Stored data:
==============================
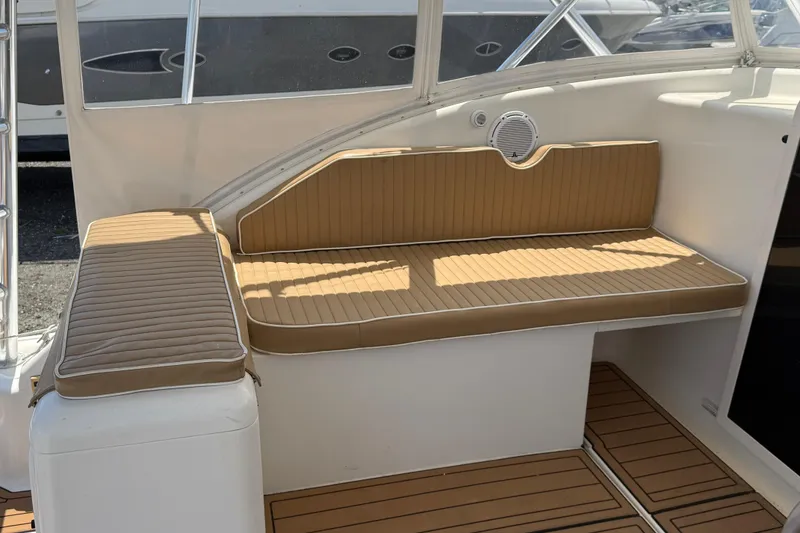 Slide: The Image of 2000 Dawson Yachts Express interior with tan cushioned seating and wood-patterned flooring. - 25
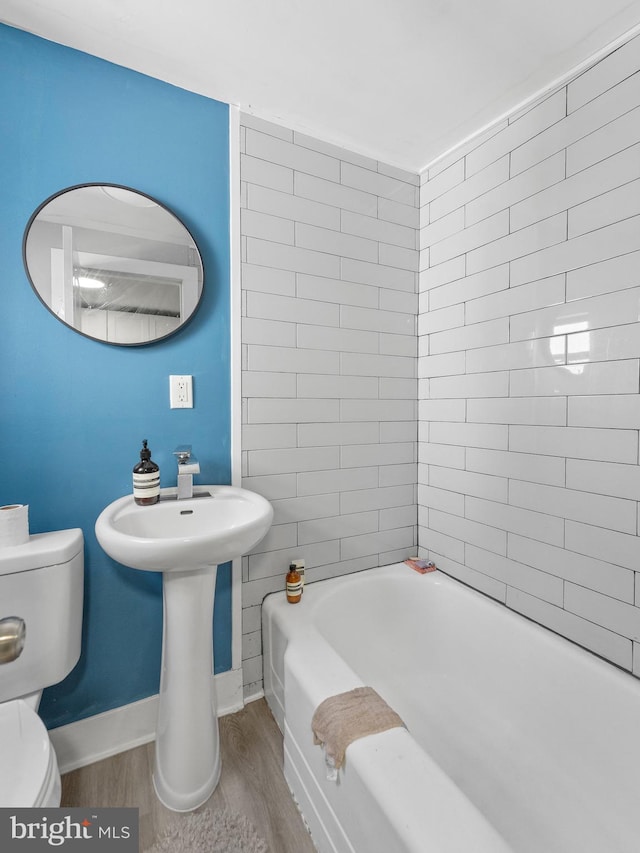 4951 W Thompson St, Philadelphia, PA 19131 - bathroom featuring wood finished floors, toilet, and baseboards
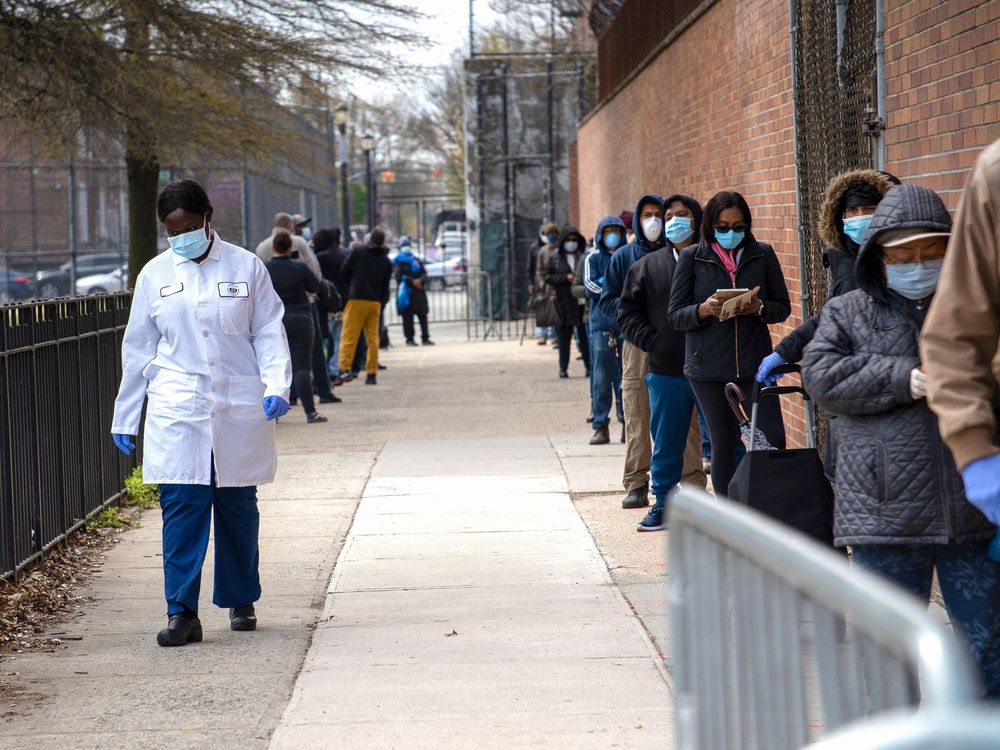 a line, mostly of people of color, waiting for COVID-19 tests in Brooklyn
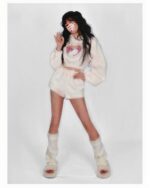 Woman wearing a kawaii fluffy pajamas set, featuring a hooded top and shorts, with matching slippers.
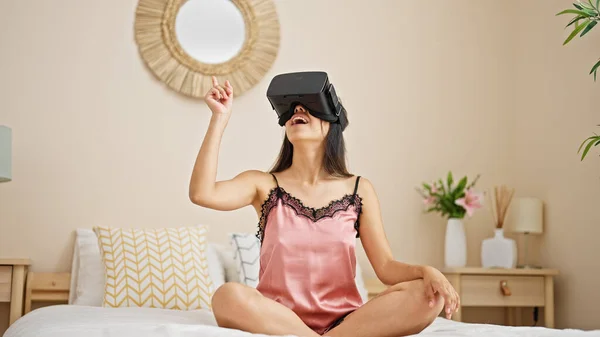 年轻美丽的惊慌失措的女人在卧室里用虚拟现实眼镜玩电子游戏 — 图库照片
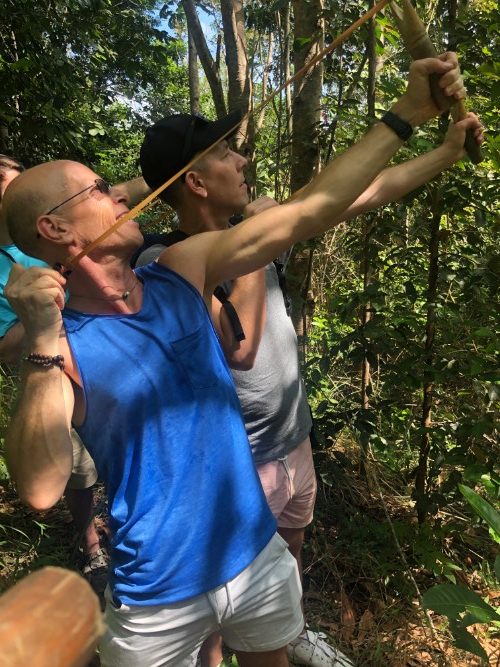 A man holds a slingshot in the jungle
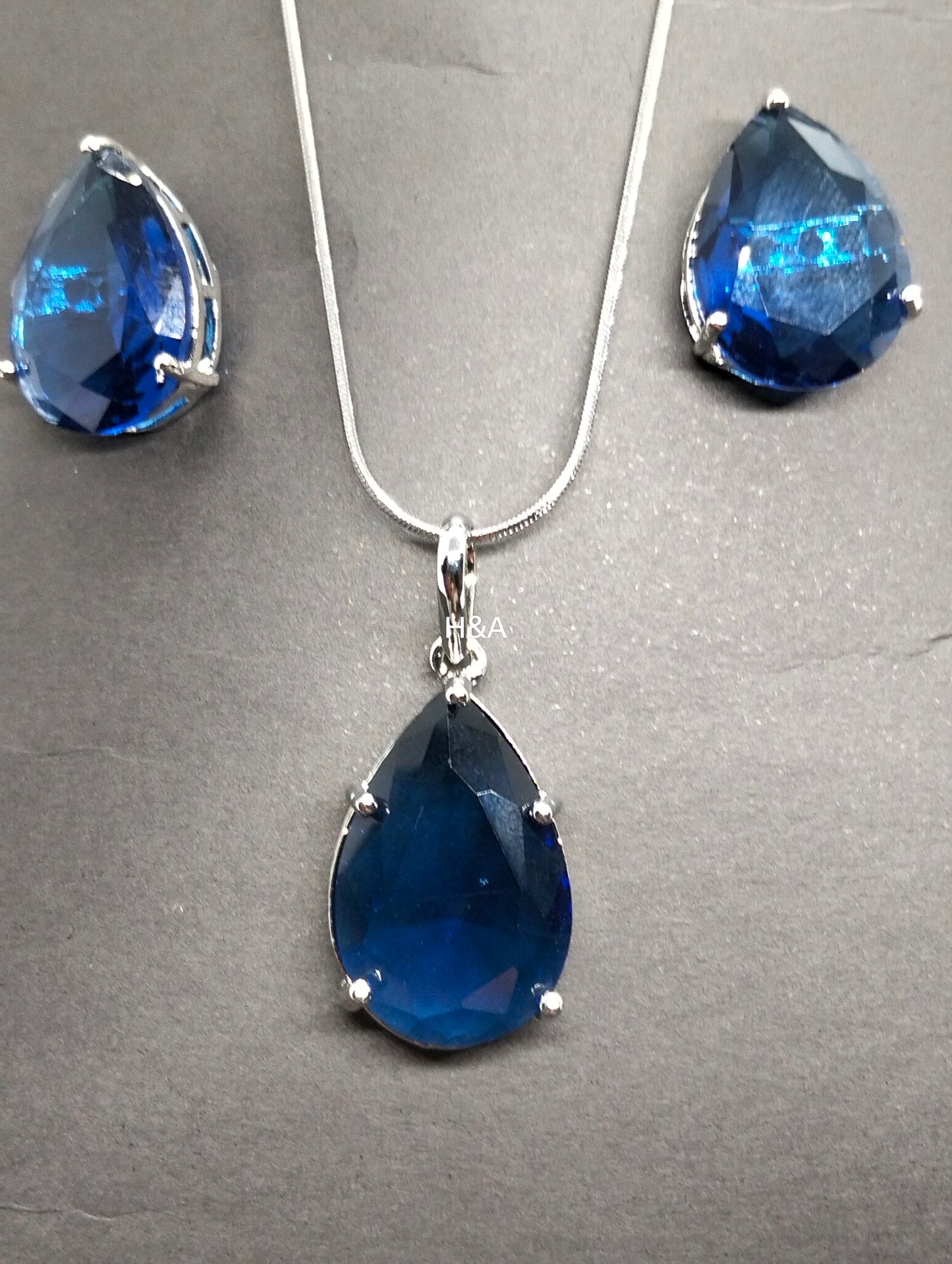 Blue Sapphire silver rhodium plated pendant set
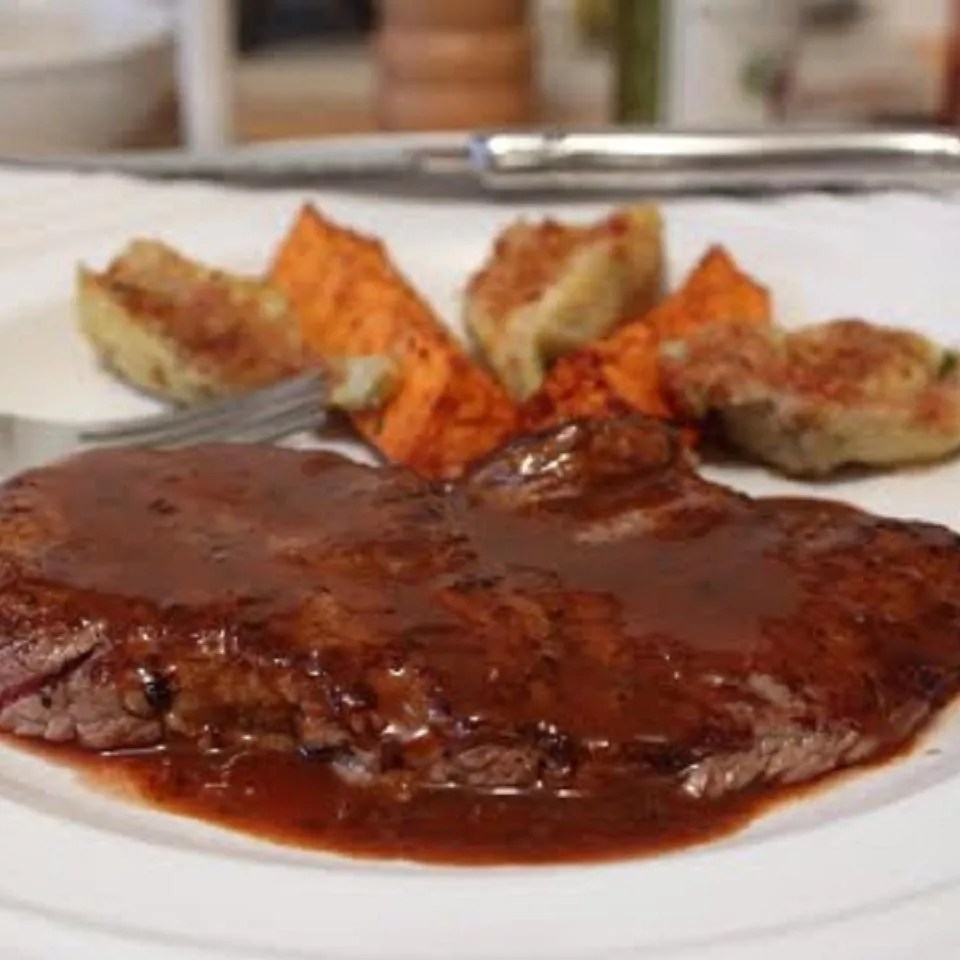 Grilled Steaks with Mouthwatering BBQ Butter Sauce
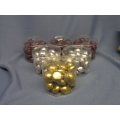 6 Containers of Floating Candles Silver Purple Gold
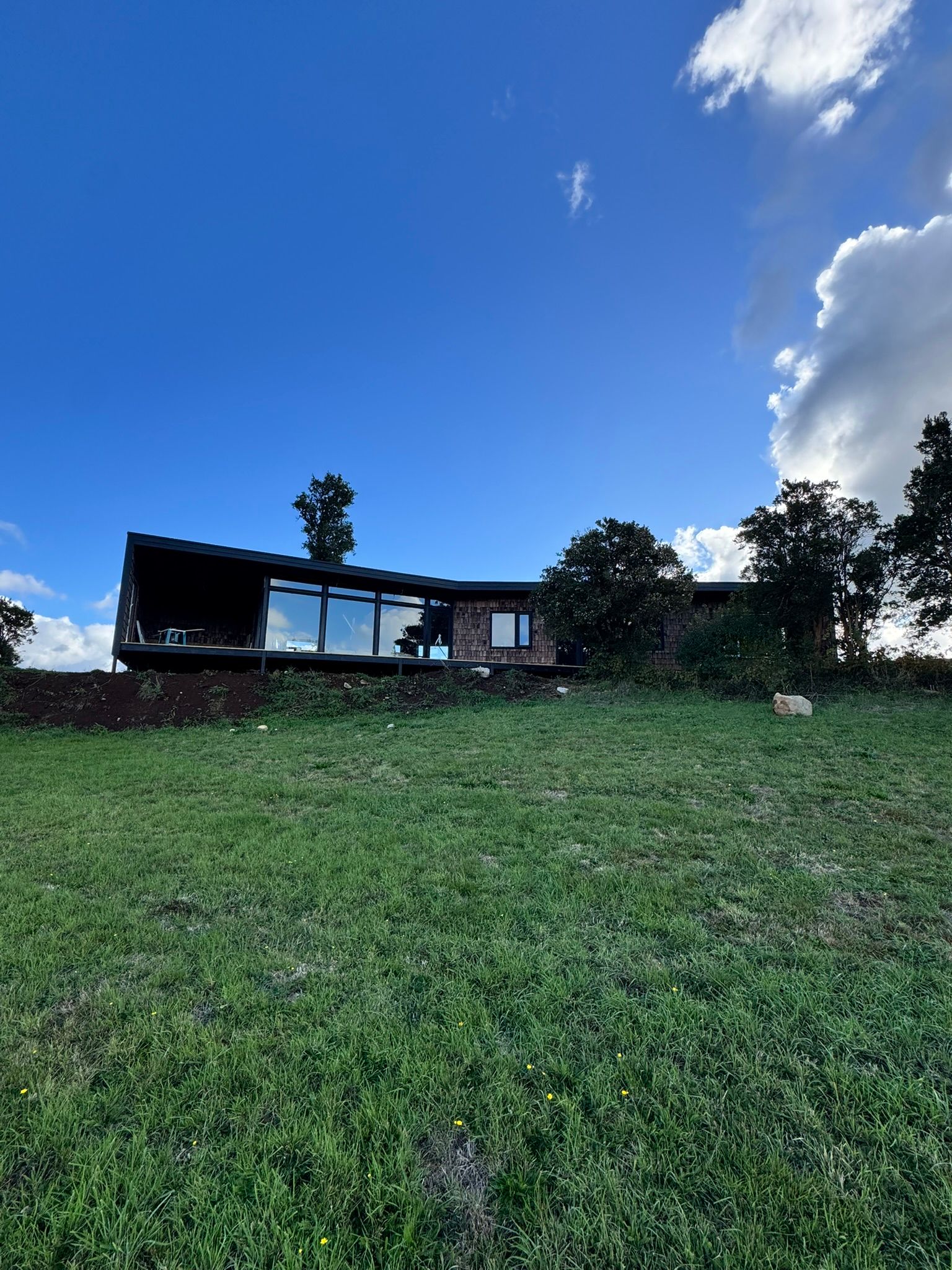 Casa de un piso sobre pradera abierta en el sur de Chile
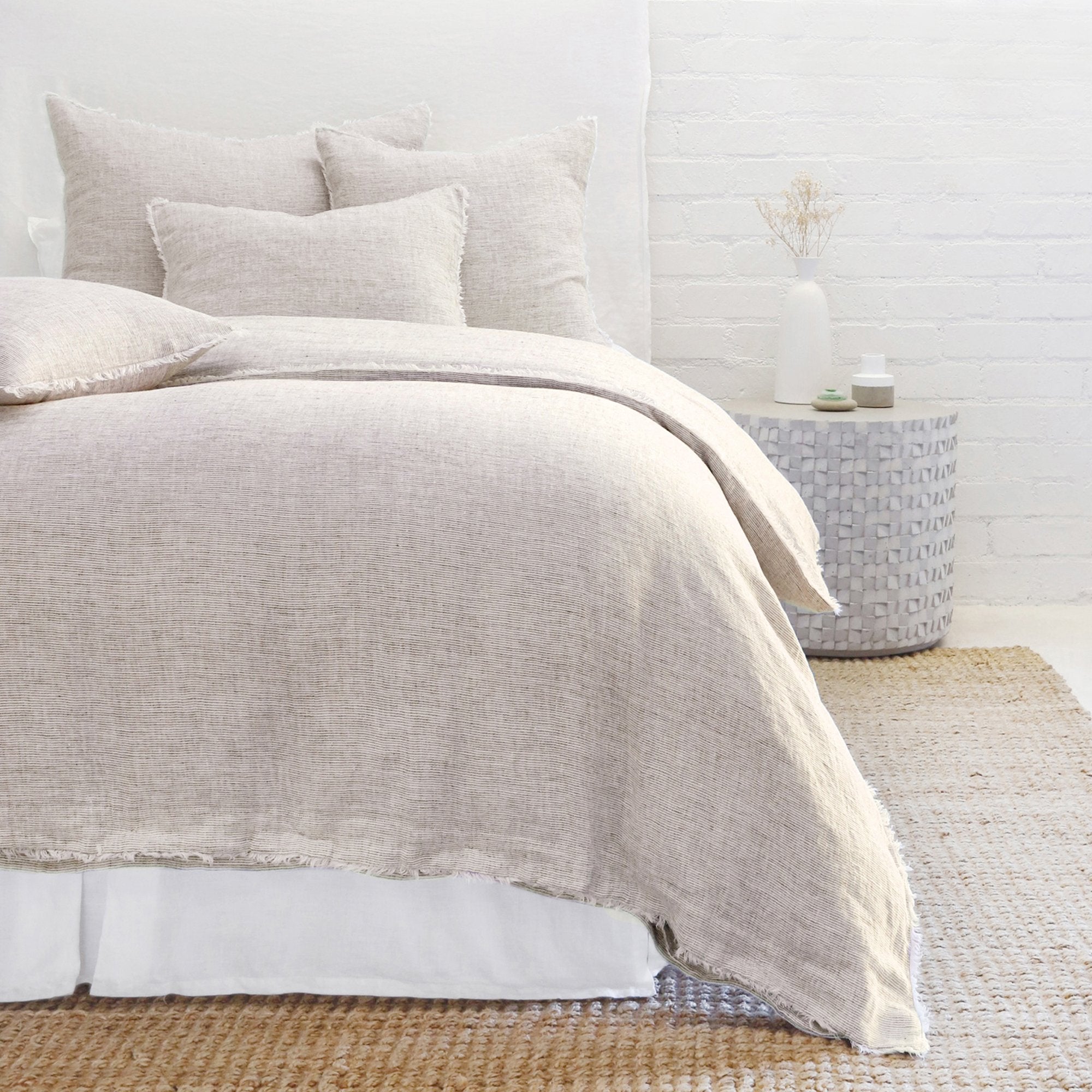 Subtle frayed edges of soft linen add a dash of unexpected detail to this Logan Duvet Collection Terra Cotta by Pom Pom at Home. Woven with two different colored yarns for a heathered effect, the duvet cover and shams feature shell button closures. Inserts sold separately 100% linen Shell-button closure Machine wash cold; tumble dry low; warm iron as needed. Do not bleach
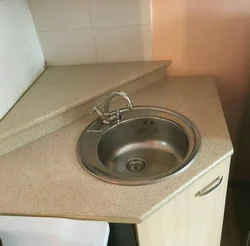 Corner kitchen sink with cabinet photo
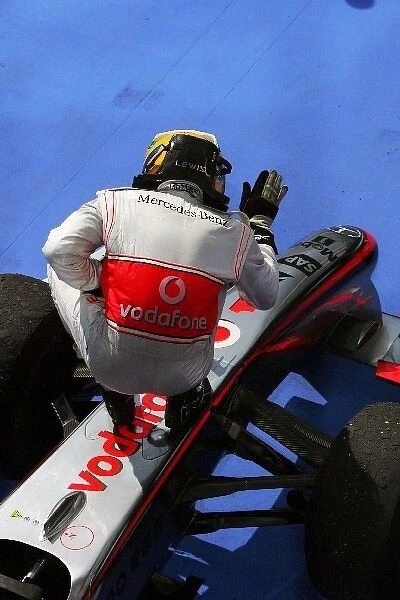 Formula One World Championship: Race winner Lewis Hamilton McLaren MP4  /  24 celebrates in parc ferme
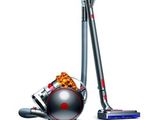un gros plan d'un aspirateur et d'un aspirateur à sac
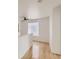 Hallway with hardwood floors, a modern ceiling fan and a unique block window at 18807 E 51St Pl, Denver, CO 80249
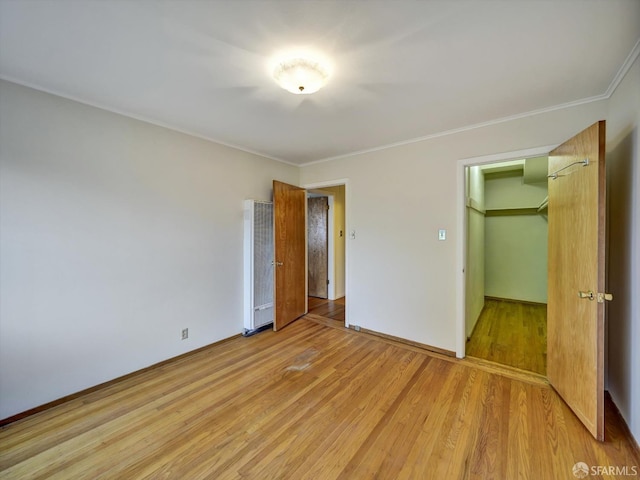 unfurnished bedroom with a spacious closet, light hardwood / wood-style flooring, ornamental molding, and a closet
==============================
▶ Task goal
Take the line that contains "Blue Sapphire silver" as the first and the last line of the records as the end, and please quote those lines exactly, pictures omitted.

▶ Problem solution
 Blue Sapphire silver rhodium plated pendant set
 Grilled Steaks with Mouthwatering BBQ Butter Sauce
 6 Containers of Floating Candles Silver Purple Gold
 Casa de un piso sobre pradera abierta en el sur de Chile
 Subtle frayed edges of soft linen add a dash of unexpected detail to this Logan Duvet Collection Terra Cotta by Pom Pom at Home. Woven with two different colored yarns for a heathered effect, the duvet cover and shams feature shell button closures. Inserts sold separately 100% linen Shell-button closure Machine wash cold; tumble dry low; warm iron as needed. Do not bleach
 Corner kitchen sink with cabinet photo
 Formula One World Championship: Race winner Lewis Hamilton McLaren MP4  /  24 celebrates in parc ferme
un gros plan d'un aspirateur et d'un aspirateur à sac
 Hallway with hardwood floors, a modern ceiling fan and a unique block window at 18807 E 51St Pl, Denver, CO 80249
 unfurnished bedroom with a spacious closet, light hardwood / wood-style flooring, ornamental molding, and a closet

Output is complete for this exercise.